Segment Open

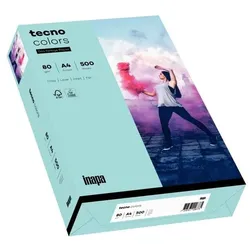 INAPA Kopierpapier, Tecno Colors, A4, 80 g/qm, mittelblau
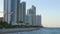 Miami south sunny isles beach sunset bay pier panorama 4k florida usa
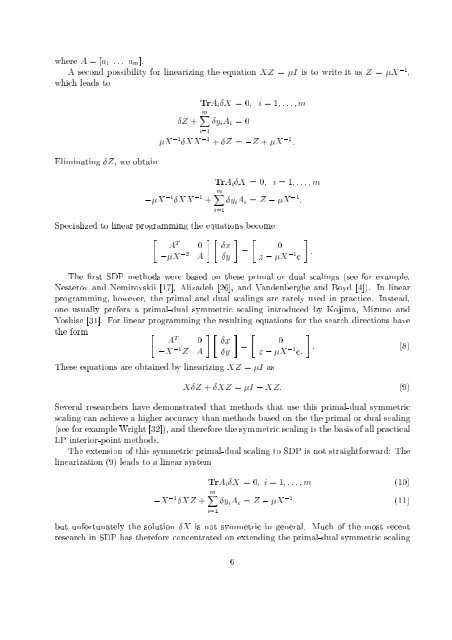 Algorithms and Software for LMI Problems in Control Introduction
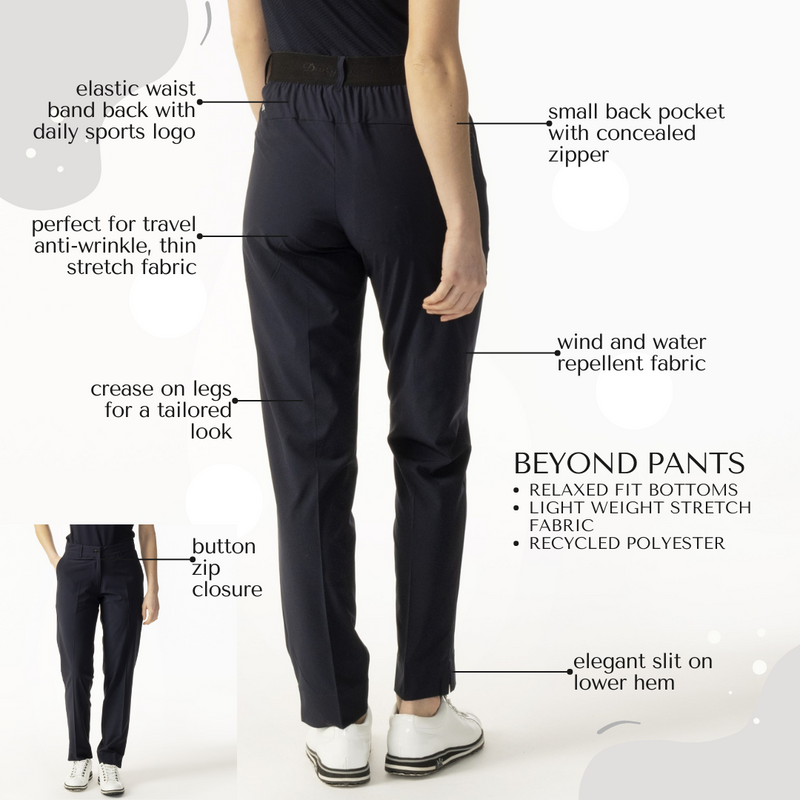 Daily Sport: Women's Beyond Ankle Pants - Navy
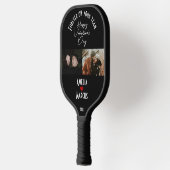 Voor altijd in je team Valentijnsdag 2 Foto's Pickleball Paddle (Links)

Segment Closed

### WHAT YOU NEED TO DO
No pictures belong in the answer. It must repeat exactly the lines from the line with "Algorithms and Software" through the final line of the records.

### SOLUTION FOR THIS EXERCISE
 Algorithms and Software for LMI Problems in Control Introduction
 Daily Sport: Women's Beyond Ankle Pants - Navy
 Voor altijd in je team Valentijnsdag 2 Foto's Pickleball Paddle (Links)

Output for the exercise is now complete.